Но это были единичные создания актрис исключительного дарования. Они оставались тем, что называлось в те времена «гастрольными» ролями, и жили отдельной, самостоятельной жизнью в спектаклях, поставленных в бытовых тонах и в сниженных мелодраматических приемах.
В такой трактовке шли «Без вины виноватые» и в многочисленных постановках в театре революционных лет. Из всех произведений Островского последнего периода эта пьеса, пожалуй, была самой ходовой в театральном репертуаре 20 – 40‑х годов. Она постоянно ставилась на сценах крупных столичных театров, не говоря уже о периферии. А в середине 40‑х годов по ней был сделан кинофильм с А. Тарасовой в главной роли.
Но нигде, при самых различных режиссерских подходах к этой пьесе, вплоть до чисто стилизаторского спектакля Ф. Каверина (1930), — она не выходила за пределы мелодрамы. Так было и со спектаклем Малого театра 1940 года, несмотря на психологически сложный образ Кручининой у В. Пашенной и превосходно сыгранную М. Климовым в блестящей иронической манере роль богатого барина и местного мецената со смешной фамилией Дудукин.
А. Таиров поставил перед собой задачу заново пересмотреть всю образную сценическую систему, созданную театрами для этой пьесы Островского, освободив ее от грузной бытовой оболочки и от мелодраматических штампов. В постановке «Без вины виноватые» он продолжал свои идущие издавна опыты построения спектакля особого трагического стиля, в котором жизненное правдоподобие драматического сюжета и человеческих характеров персонажей соединялось с художественными приемами своеобразного театрального неоклассицизма.
Отсюда шла пластическая изысканность спектакля, холодноватая строгость линий в мизансценах, в скупом графическом рисунке поз, жестов и движений исполнителей. Отсюда же возникала едва заметная, но последовательно проводимая приподнятая тональность в подаче актерами текста пьесы.
В центре спектакля, как и полагается по пьесе Островского, стояла, словно освещенная ослепительным лучом прожектора, исполнительница главной женской роли — А. Коонен. Она создала в своей Кручининой оригинальный по трактовке героический образ русской актрисы, бросающей вызов лицемерному обществу тупых мещан, черствых, самодовольных собственников и жалких ремесленников от искусства.

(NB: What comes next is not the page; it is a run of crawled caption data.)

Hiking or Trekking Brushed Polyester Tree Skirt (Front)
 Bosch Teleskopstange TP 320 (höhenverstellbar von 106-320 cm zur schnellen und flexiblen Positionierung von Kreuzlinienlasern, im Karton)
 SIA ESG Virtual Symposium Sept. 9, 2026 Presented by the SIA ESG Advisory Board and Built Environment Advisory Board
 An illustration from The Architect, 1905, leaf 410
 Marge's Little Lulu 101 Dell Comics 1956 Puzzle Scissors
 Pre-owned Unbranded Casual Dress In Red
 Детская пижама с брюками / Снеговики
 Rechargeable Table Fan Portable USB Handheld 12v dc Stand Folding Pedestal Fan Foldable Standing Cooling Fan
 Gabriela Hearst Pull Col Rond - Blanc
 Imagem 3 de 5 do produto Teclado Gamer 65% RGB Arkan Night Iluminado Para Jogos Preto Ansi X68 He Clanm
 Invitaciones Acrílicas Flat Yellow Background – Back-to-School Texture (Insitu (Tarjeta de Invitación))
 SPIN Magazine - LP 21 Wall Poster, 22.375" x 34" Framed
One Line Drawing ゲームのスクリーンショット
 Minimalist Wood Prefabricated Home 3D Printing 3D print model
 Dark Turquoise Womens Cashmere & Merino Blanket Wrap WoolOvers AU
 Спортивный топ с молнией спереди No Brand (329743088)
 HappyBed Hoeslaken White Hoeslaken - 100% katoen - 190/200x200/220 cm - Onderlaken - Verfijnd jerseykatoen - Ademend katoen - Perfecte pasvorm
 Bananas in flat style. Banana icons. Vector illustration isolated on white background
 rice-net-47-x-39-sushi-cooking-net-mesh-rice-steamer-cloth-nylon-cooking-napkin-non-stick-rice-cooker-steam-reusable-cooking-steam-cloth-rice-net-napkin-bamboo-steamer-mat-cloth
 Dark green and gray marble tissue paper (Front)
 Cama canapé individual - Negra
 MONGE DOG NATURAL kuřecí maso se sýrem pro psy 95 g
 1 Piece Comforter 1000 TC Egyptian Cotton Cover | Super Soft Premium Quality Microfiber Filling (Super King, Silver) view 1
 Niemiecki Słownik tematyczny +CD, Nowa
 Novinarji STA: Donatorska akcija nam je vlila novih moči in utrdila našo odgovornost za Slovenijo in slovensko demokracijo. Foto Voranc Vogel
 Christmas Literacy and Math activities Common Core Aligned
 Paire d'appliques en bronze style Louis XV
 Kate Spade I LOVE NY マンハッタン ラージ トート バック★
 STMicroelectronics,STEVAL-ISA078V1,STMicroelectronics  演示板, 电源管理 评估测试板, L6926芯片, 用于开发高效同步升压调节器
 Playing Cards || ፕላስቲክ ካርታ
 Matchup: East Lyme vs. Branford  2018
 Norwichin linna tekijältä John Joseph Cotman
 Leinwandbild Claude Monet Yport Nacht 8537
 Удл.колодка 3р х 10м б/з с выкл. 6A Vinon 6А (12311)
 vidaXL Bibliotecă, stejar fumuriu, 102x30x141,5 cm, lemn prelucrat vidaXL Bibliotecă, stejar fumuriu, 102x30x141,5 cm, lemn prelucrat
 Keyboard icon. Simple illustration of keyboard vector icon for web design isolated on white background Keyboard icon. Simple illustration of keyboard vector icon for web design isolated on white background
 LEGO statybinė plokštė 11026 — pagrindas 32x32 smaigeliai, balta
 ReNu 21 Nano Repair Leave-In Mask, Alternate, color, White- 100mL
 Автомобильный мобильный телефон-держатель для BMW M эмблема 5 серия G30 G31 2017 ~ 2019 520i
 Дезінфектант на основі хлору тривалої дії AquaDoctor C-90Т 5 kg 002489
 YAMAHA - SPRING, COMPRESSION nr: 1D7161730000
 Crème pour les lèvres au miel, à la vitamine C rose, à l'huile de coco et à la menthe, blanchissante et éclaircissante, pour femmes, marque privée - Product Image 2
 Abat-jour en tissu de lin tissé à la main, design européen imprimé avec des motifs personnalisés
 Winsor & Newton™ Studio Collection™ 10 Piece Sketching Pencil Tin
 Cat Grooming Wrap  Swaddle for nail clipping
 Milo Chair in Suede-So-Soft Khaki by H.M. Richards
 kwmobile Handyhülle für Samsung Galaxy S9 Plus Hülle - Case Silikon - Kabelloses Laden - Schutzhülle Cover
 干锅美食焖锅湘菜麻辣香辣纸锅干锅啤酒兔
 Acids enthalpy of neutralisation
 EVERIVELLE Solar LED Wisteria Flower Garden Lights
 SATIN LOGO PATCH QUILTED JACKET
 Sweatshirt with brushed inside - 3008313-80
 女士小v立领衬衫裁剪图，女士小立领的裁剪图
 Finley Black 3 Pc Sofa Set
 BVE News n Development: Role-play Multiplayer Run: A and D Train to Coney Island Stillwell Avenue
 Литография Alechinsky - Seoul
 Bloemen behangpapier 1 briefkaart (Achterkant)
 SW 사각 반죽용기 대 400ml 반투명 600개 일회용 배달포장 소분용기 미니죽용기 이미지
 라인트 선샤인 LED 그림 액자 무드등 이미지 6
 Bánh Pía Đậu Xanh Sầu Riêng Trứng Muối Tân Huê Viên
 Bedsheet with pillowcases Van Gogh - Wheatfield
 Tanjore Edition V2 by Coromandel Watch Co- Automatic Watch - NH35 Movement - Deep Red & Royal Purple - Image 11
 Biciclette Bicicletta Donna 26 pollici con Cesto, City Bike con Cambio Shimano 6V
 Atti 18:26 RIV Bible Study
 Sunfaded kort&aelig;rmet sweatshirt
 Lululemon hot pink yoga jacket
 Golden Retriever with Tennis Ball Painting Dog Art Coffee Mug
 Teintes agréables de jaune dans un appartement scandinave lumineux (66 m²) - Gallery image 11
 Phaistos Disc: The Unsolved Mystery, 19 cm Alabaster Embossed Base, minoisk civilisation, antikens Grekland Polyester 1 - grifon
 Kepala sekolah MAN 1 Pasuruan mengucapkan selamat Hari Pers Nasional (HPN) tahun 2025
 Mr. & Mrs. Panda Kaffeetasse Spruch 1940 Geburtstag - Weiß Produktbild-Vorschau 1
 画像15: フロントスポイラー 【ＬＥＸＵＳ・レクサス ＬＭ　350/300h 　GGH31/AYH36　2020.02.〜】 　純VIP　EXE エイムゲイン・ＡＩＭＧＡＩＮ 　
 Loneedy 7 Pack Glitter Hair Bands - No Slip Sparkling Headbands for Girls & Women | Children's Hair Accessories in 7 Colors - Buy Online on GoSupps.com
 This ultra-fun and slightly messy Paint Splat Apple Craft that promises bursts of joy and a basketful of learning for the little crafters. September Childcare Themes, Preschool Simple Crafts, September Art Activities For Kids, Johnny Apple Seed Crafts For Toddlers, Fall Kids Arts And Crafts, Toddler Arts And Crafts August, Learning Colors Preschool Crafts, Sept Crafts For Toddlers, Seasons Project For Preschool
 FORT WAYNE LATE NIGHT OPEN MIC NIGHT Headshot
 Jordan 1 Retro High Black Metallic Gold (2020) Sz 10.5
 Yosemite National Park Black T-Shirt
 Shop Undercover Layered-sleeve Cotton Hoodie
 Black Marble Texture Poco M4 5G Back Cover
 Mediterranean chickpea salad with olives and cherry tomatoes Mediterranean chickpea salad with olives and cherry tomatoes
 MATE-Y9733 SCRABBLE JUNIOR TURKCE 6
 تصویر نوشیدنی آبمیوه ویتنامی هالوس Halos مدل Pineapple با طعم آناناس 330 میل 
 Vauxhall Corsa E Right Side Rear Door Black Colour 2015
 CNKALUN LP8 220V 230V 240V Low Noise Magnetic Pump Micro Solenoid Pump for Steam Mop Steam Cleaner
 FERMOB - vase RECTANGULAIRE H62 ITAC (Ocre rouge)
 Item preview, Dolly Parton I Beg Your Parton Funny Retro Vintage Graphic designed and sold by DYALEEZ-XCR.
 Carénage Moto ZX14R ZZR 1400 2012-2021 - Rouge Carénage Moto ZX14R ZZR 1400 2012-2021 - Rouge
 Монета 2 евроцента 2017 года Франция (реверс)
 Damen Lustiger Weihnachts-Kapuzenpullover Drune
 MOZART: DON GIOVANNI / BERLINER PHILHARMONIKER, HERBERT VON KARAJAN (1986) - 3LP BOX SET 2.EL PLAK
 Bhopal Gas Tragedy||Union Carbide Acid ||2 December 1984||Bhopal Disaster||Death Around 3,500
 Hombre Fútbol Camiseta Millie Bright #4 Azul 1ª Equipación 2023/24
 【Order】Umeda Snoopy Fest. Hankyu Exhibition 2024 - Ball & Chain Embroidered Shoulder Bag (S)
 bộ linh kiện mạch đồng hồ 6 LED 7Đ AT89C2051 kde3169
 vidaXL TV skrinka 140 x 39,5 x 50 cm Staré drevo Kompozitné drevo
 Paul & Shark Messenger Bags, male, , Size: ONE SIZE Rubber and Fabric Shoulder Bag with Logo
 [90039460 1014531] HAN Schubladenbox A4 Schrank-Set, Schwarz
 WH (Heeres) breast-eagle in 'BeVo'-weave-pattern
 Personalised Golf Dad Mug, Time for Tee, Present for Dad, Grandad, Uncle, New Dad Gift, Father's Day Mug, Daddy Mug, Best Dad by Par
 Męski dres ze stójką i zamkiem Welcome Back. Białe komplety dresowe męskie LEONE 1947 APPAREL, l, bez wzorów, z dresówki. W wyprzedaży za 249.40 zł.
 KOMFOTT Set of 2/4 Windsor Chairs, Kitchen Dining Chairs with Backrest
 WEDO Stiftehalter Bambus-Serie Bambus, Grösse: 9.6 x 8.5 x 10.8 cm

Она проходила через события драмы с высоко поднятой головой в толпе мелких, холодно-равнодушных и завистливых людей, гордая в своем одиноком страдании, — живое воплощение великой очищающей силы подлинно трагического искусства. Что-то от одиночества бодлеровского альбатроса было в этой кооненской Кручининой, в ее отрешенном взгляде, устремленном в даль, поверх голов окружающих людей, в ее нервных движениях, непроизвольно быстрых и порывистых, несоразмерных с теми замедленными ритмами, переходящими в статику, в которых действовала толпа остальных персонажей.